Book Celebration for Anca Parvulescu & Manuela Boatca's

Book Celebration for Anca Parvulescu & Manuela Boatca's "Creolizing the Modern: Transylvania Across Empires"

Please join us for a book celebration of Anca Parvulescu’s Creolizing the Modern: Transylvania Across Empires (cowritten with Manuela Boatcă), followed by a discussion.

Respondents:

J. Dillon Brown, Associate Professor of English

Nicole Svobodny, Senior Lecturer in Global Studies

Laura Evers, Graduate Student in English


Moderator:

Melanie Micir, Associate Professor of English


The celebration and discussion will take place on Friday, February 10, at 2:30pm, in Hurst Lounge, Duncker Hall. A reception will follow.

Creolizing the Modern revisits the history of Transylvania as a series of migrations and imperial formations.
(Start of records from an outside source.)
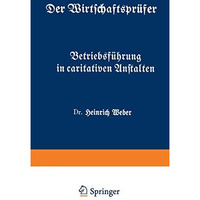 Betriebsf?hrung in caritativen Anstalten: F?nftes Heft [Paperback]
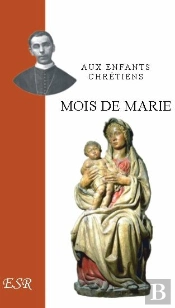 Aux Enfants Chretiens, Mois De Marie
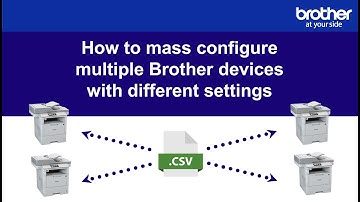 How to mass configure multiple Brother devices with different settings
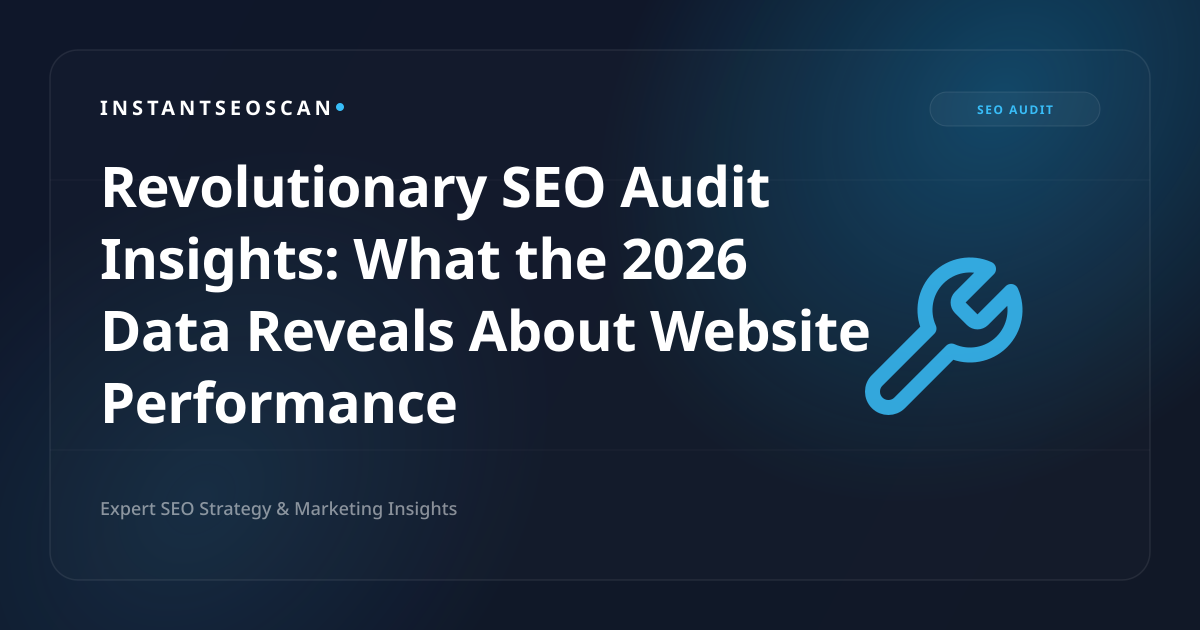 Informations révolutionnaires sur l'audit SEO&nbsp;: ce que les données 2026 révèlent sur les performances des sites Web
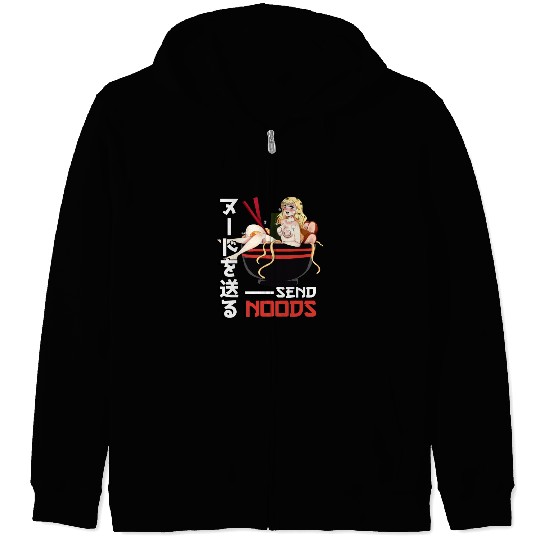 Send Noods Waifu Material - Anime Otaku Gift Zip Hoodies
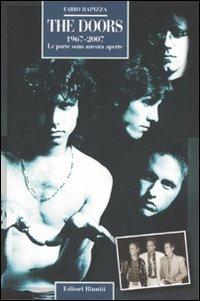 The Doors. 1967-2007. Le porte sono ancora aperte - Fabio Rapizza - Libro Editori Riuniti 2007, Momenti rock | Libraccio.it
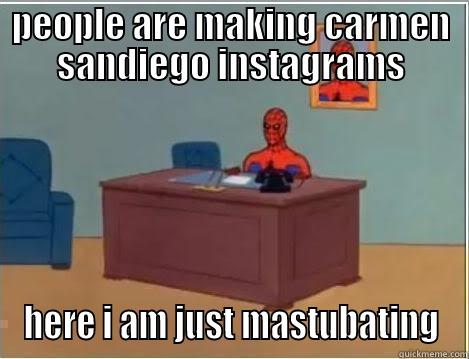 PEOPLE ARE MAKING CARMEN SANDIEGO INSTAGRAMS HERE I AM JUST MASTUBATING Spiderman Desk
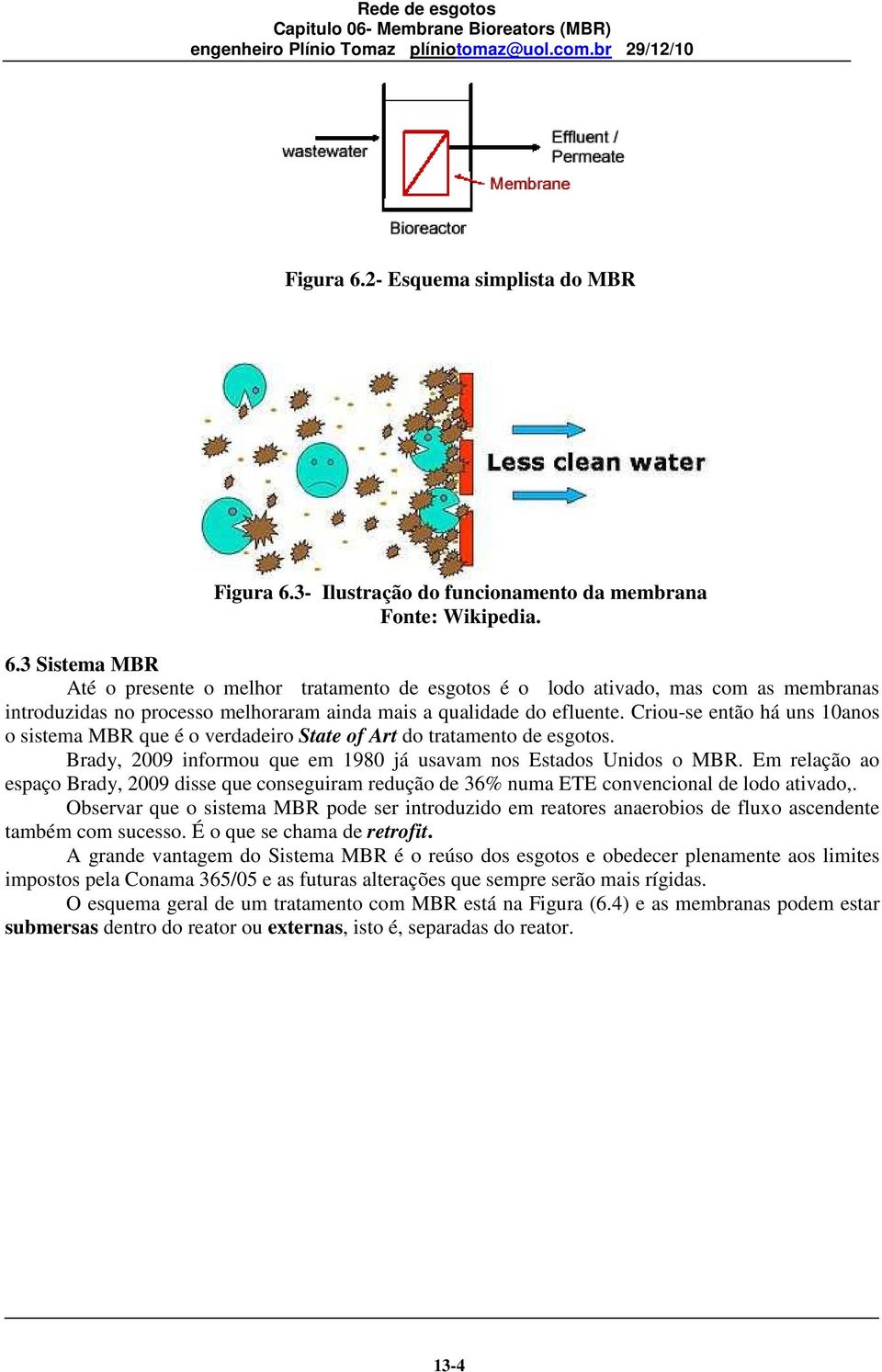 Em relação ao espaço Brady, 2009 disse que conseguiram redução de 36% numa ETE convencional de lodo ativado,.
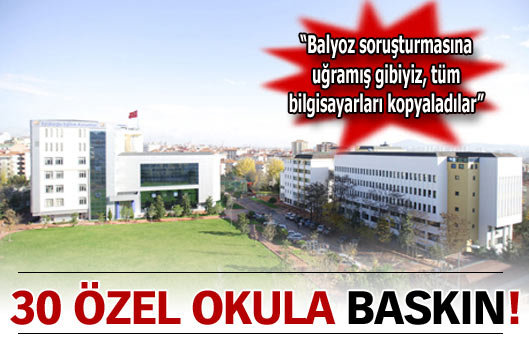 30 özel okula baskın!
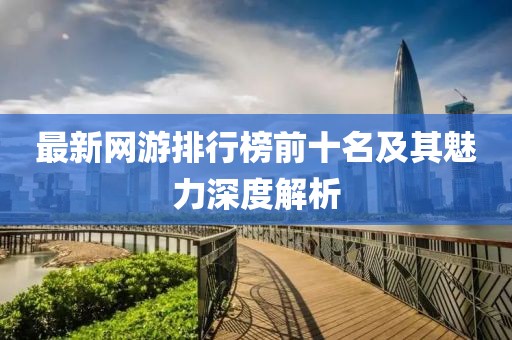 最新网游排行榜前十名及其魅力深度解析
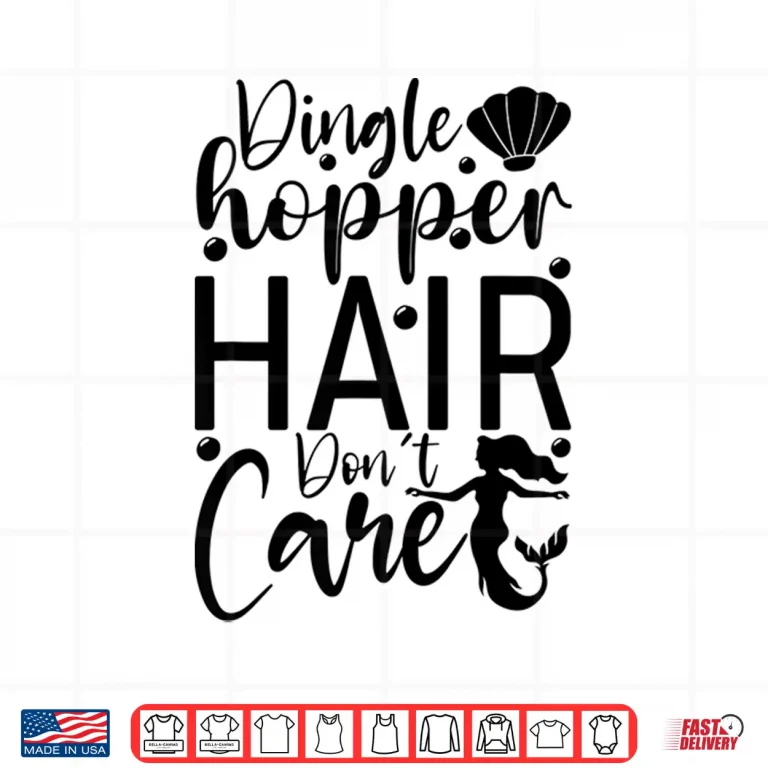 Design Dinglehopper Hair Dont Care Funny Mermaid Modern Aesthetic Shirt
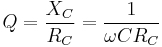 Q=\frac{X_C}{R_C}=\frac{1}{\omega C R_C}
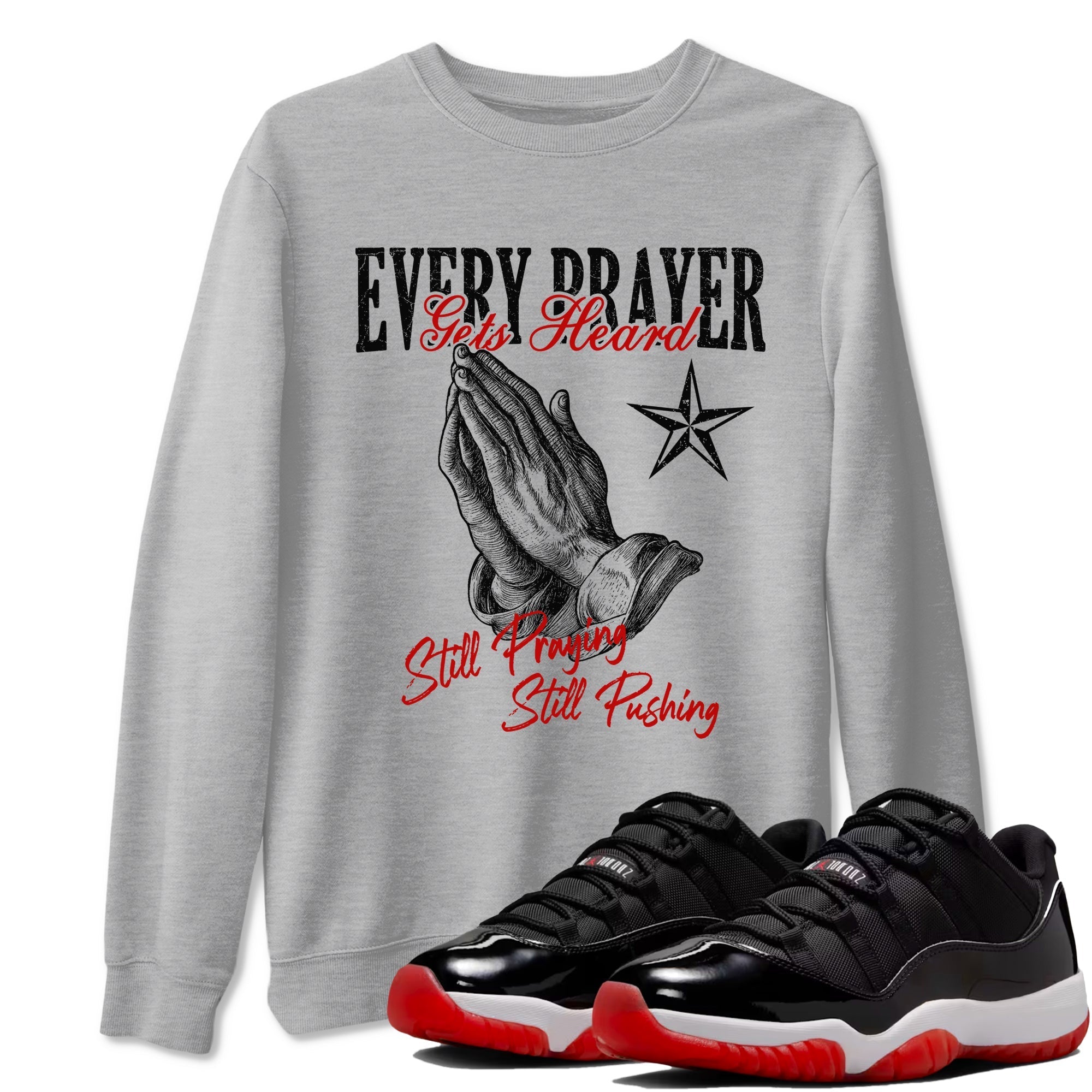 Every Prayer Gets Heard snkmatch Tees - Air Jordan 11 Bred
It uses as the center of its archive Liviu Rebreanu’s novel Ion (2010), long considered the first Ro-language modern novel, which it re-reads as a marginal text of World Literature. Crosspollinating literary studies and sociology, the book develops a comparative method for engaging with regions of the world that have inherited multiple, conflicting imperial and anti-imperial histories.

Laura Doyle, author of Inter-imperiality, writes: “Creolizing the Modern is above all a brilliant model of method. Revealing the power of interdisciplinary collaboration, Anca Parvulescu and Manuela Boatcă approach Transylvania as both a particular site of world-historical struggle in modernity/coloniality and an illustrative case study of the convergent operations of empires, extractive economies, stratified identities, and literary discourses. A must read.”

Anca Parvulescu is the Liselotte Dieckman Chair of Comparative Literature at Washington University in St. Louis. Her research and teaching interests include international modernism, affect theory, literary and critical theory, comparative literature, and visual culture.  She is also the author of Laughter and The Traffic in Women's Work.

Please join us for this discussion and celebration of this important book at the intersection of literary studies and sociology!